- The report finds that the adoption of business AI is exploiting, but most companies are omitting the hard preparation work
- Leadership teams are not aligned in AI priorities, leaving fractured and confused strategies
- The AI is as good as the data behind it, and most data strategies are missing
The increase in the adoption of artificial intelligence has caused comparisons with the rise of the cloud of the last decade, but while the use is growing rapidly, understanding remains superficial, has affirmed new research.
A Hostinger report found that almost 80% of companies now use or plan to use AI, but a separate report from the Adecco group states that only 10% of C-Suite leaders believe that their organizations are completely ready for the interruption of AI.
Among the 359 million estimated companies worldwide, around 280 million now integrate AI in at least one function.
The adoption of the accelerates, but the strategy and structure are left behind
A growing number of small businesses is using the best AI tools to handle tasks such as writing emails, analyzing data or generating content.
The larger companies can build complete equipment for implementation, but smaller companies are transforming operations in silence using Lean approaches, sometimes improvised.
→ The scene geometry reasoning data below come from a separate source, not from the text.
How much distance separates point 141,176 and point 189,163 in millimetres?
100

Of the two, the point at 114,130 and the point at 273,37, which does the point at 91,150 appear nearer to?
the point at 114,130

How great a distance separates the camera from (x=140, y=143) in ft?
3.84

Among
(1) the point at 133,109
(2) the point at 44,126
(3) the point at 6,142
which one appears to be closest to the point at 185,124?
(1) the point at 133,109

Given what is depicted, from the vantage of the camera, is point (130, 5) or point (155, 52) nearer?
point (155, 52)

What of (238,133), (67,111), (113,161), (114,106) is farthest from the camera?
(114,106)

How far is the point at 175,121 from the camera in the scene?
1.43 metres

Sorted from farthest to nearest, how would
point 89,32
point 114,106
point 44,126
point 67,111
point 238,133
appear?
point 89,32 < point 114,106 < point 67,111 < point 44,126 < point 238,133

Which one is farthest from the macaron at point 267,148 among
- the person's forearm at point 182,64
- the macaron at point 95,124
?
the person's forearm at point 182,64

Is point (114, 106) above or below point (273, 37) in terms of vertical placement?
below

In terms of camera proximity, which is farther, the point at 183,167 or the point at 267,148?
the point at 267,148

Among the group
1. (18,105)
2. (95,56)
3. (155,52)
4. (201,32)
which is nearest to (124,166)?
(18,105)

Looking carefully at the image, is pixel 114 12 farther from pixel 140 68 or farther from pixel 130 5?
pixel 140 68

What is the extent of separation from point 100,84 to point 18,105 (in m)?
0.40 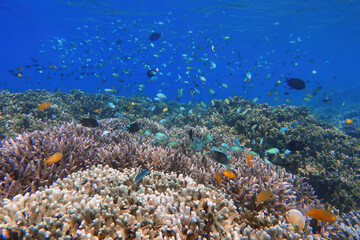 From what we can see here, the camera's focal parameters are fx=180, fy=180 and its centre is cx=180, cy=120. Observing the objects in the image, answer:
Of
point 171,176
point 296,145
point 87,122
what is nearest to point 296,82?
point 296,145

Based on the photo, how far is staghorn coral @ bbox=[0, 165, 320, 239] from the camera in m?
2.50

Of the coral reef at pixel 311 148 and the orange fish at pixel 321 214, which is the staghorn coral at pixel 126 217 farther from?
the coral reef at pixel 311 148

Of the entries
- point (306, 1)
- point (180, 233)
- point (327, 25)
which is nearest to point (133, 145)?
point (180, 233)

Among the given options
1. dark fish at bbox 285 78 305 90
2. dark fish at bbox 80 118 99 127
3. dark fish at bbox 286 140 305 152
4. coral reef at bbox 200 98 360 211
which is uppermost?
dark fish at bbox 80 118 99 127

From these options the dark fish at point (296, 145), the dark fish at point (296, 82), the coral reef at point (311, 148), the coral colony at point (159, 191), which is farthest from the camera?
the dark fish at point (296, 82)

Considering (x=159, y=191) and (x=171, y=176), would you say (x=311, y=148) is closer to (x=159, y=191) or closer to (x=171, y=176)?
(x=171, y=176)

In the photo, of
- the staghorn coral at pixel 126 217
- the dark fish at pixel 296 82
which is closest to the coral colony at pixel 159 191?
the staghorn coral at pixel 126 217

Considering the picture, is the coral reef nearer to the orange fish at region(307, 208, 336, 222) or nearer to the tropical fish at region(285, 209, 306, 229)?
the orange fish at region(307, 208, 336, 222)

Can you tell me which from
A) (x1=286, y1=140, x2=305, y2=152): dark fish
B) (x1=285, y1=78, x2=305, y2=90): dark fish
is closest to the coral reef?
Result: (x1=286, y1=140, x2=305, y2=152): dark fish

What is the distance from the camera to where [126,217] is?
8.94 ft

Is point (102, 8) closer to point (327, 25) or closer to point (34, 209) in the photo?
point (34, 209)

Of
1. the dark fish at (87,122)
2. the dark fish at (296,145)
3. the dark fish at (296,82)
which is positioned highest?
the dark fish at (87,122)

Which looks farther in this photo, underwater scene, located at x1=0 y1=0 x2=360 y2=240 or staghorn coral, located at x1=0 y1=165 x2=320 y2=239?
underwater scene, located at x1=0 y1=0 x2=360 y2=240

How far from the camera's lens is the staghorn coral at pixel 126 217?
8.20 feet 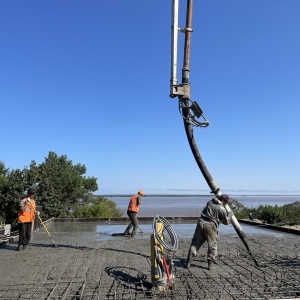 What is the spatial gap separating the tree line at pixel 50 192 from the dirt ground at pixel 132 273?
12.5m

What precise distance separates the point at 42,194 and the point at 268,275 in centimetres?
1860

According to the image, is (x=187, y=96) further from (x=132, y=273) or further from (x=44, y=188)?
(x=44, y=188)

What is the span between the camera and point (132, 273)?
659cm

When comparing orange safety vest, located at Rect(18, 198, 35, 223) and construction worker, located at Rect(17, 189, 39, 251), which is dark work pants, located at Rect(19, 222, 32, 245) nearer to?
construction worker, located at Rect(17, 189, 39, 251)

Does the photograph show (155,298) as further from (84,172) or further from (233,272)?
(84,172)

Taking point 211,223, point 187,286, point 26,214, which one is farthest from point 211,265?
point 26,214

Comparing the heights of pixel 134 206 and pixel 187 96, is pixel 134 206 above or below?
below

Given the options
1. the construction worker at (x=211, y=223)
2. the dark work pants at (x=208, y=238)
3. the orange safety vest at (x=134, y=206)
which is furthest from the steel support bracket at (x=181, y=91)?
the orange safety vest at (x=134, y=206)

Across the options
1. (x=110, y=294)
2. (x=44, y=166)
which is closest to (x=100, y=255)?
(x=110, y=294)

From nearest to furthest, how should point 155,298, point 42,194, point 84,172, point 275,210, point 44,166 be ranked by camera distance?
point 155,298 → point 275,210 → point 42,194 → point 44,166 → point 84,172

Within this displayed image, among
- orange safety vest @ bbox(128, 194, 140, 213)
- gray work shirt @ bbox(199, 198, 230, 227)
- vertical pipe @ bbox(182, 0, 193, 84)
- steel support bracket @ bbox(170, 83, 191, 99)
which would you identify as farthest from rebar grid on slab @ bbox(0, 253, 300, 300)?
orange safety vest @ bbox(128, 194, 140, 213)

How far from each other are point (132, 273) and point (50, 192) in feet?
57.9

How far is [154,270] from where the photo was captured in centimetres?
547

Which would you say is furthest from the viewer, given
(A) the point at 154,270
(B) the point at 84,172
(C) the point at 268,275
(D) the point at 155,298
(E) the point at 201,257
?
(B) the point at 84,172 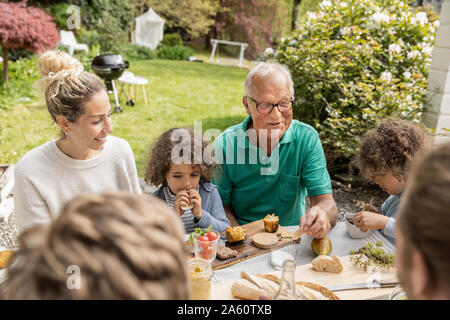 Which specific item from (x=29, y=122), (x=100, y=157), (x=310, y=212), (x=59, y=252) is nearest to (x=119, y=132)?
(x=29, y=122)

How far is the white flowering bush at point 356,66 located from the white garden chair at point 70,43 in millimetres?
9214

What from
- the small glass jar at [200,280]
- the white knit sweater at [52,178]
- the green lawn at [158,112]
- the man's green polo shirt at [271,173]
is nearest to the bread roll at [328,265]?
the small glass jar at [200,280]

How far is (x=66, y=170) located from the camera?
2293mm

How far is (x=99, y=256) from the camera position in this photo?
64cm

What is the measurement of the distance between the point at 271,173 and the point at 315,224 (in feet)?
2.70

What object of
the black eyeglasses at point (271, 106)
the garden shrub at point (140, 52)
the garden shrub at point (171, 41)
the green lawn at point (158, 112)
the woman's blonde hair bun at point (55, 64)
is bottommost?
the green lawn at point (158, 112)

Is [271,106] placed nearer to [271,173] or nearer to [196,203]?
[271,173]

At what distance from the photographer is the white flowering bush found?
15.6 feet

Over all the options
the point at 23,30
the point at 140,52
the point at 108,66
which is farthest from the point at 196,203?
the point at 140,52

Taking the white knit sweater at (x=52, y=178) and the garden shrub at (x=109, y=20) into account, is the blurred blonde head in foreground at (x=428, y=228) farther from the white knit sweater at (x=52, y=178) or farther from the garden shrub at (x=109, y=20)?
the garden shrub at (x=109, y=20)

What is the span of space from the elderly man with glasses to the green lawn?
5.56ft

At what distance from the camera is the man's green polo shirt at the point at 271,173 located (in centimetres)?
276

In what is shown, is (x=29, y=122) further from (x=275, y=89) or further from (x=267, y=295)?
(x=267, y=295)

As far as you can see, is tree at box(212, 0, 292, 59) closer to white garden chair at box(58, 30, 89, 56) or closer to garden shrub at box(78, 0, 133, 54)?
garden shrub at box(78, 0, 133, 54) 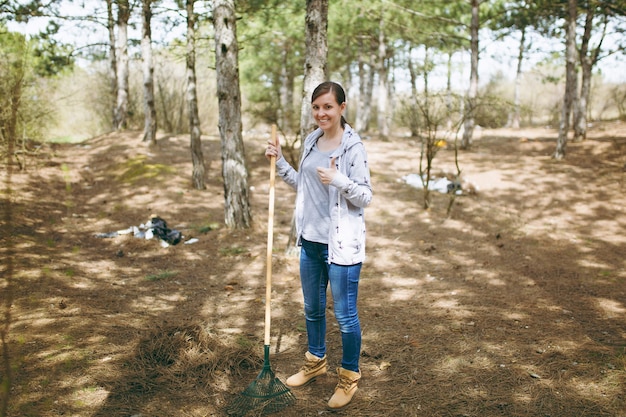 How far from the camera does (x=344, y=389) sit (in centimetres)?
295

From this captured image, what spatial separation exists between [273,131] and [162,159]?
9415 mm

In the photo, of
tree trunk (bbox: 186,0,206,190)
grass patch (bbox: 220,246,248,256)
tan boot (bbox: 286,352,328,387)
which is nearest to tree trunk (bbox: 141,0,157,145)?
tree trunk (bbox: 186,0,206,190)

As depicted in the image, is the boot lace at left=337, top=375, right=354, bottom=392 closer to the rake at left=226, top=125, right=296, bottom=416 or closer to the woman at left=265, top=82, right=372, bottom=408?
the woman at left=265, top=82, right=372, bottom=408

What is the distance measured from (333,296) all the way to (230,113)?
4477 millimetres

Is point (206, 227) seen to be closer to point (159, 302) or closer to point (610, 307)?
point (159, 302)

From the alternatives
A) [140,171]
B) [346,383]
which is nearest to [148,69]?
[140,171]

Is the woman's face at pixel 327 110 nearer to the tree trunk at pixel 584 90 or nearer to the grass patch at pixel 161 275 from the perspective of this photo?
the grass patch at pixel 161 275

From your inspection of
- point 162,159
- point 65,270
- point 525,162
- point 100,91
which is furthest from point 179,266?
point 100,91

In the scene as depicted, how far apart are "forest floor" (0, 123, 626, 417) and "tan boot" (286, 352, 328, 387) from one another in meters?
0.09

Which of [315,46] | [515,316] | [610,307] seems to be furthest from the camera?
[315,46]

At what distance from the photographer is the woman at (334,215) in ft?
8.71

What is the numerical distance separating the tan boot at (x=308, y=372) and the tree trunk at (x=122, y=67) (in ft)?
40.9

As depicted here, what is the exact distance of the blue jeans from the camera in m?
2.72

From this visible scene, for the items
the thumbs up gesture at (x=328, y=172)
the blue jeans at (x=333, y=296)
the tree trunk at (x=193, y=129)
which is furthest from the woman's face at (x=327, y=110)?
the tree trunk at (x=193, y=129) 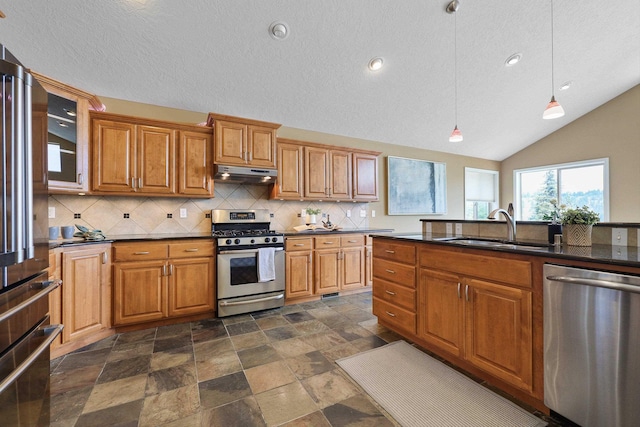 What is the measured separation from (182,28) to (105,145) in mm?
1437

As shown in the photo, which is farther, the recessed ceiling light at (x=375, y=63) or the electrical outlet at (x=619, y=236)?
the recessed ceiling light at (x=375, y=63)

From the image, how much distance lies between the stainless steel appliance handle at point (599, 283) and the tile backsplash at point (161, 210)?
319 cm

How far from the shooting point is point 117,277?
2.55 meters

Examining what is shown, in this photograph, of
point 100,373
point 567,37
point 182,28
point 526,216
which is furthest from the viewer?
point 526,216

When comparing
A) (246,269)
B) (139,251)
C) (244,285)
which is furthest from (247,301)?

Even so, the preparation does not follow adoption, and there is a worrying gap in the strategy, since although 60% of leaders expect workers to update their skills, 34% of companies do not have a formal policy of AI.
Adecco found that more than half of the CEOs admit that their teams fight to align in priorities, and only one third of the companies are investing in data infrastructure that would help close these gaps.
However, a small group of companies “lists for the future” is building more receptive strategies in supporting continuous learning and depending on the vision of the entire company to shape its direction of AI.
Adecco’s CEO, Denis Machuel, expresses it clearly: “The transformation driven by AI must be focused on human.”
Many companies rush the adoption of AI without understanding what differentiates them, resulting in scattered or redundant projects.
“Without a vision of the entire company, Ia’s efforts are rising again and misaligned. Business architecture can help focus AI initiatives on what really distinguishes a company,” Stendra explains.
By mapping their unique strengths and workflows, organizations can guide AI implementations that reinforce strategic priorities instead of diluting them.
AI depends not only on investment, but on introspection, and it is not a magical solution, and if companies do not understand what they need AI, they will not know how to use it, and the result will be catastrophic.